Required action: Please restate each entry that appears below word for word, without its pictures.
[Start of Attachment]
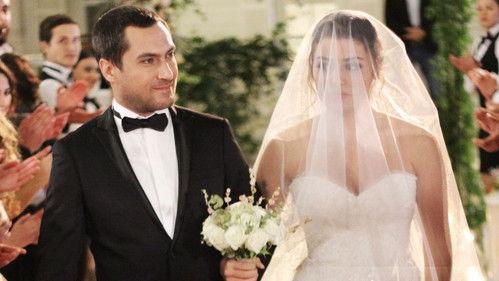 Siyah İnci Season 1 Episode 4 - Episode 4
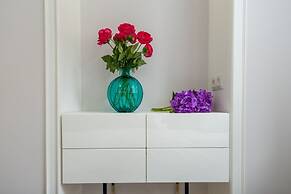 KievApts Sofievskaya 18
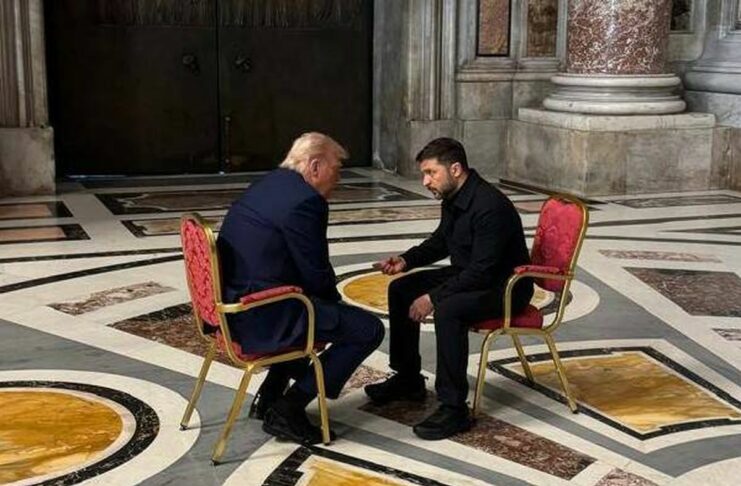 Trump y Zelenski mantienen una reunión «muy productiva» en Roma antes del funeral del Papa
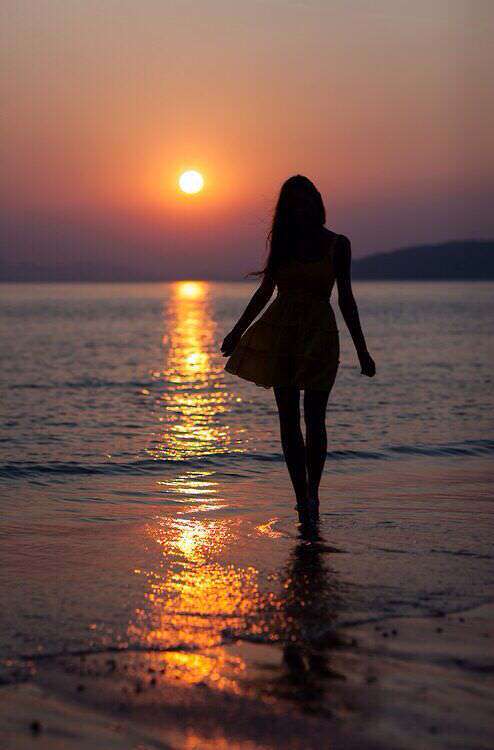 alone-girl-in-sunset-lovesove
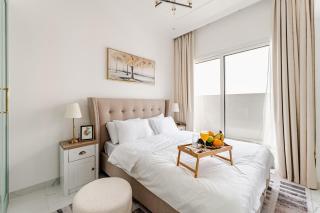 Luxury 1BR Lagoon View Arjan near Miracle Garden Vincitore Benessere by Green Sky Holiday Homes - 1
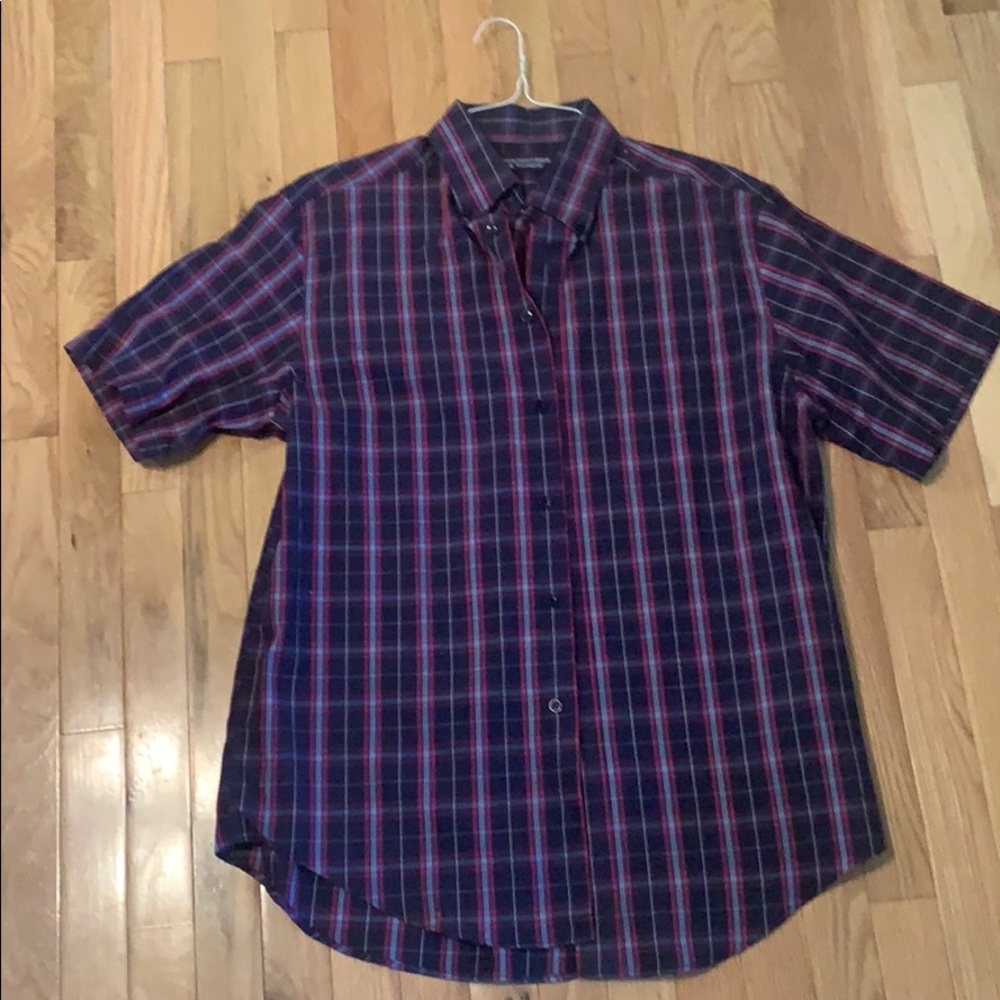 Short sleeved Roundtree and Yorke dress shirt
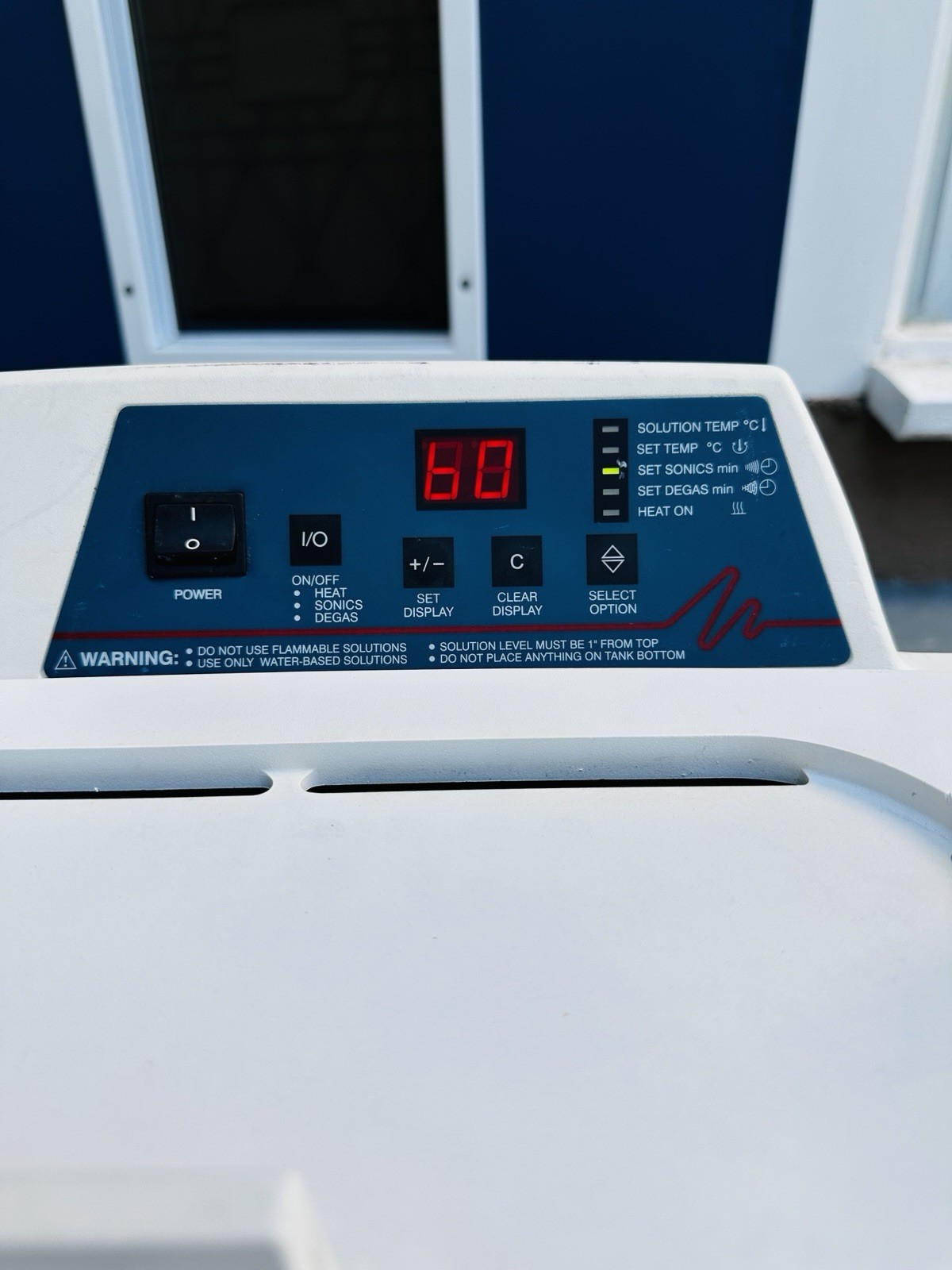 Branson 5510R-DTH Ultrasonic Cleaner Heated Bath & Timer. Working
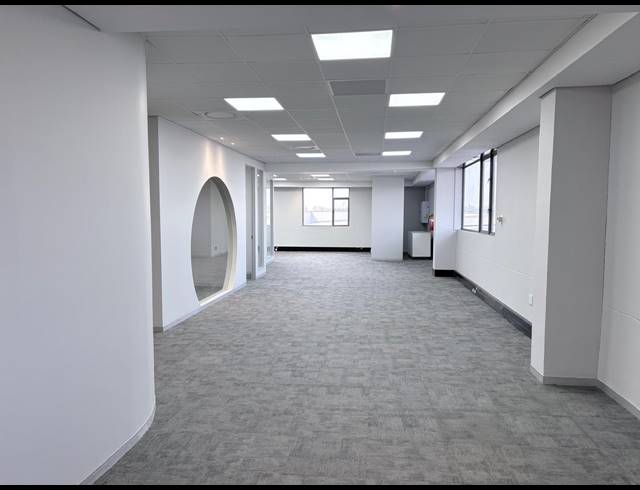 287M² OFFICE TO LET IN MAGALIESSIG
[End of Attachment]
Answer to this problem:
 Siyah İnci Season 1 Episode 4 - Episode 4
 KievApts Sofievskaya 18
 Trump y Zelenski mantienen una reunión «muy productiva» en Roma antes del funeral del Papa
 alone-girl-in-sunset-lovesove
 Luxury 1BR Lagoon View Arjan near Miracle Garden Vincitore Benessere by Green Sky Holiday Homes - 1
 Short sleeved Roundtree and Yorke dress shirt
 Branson 5510R-DTH Ultrasonic Cleaner Heated Bath & Timer. Working
 287M² OFFICE TO LET IN MAGALIESSIG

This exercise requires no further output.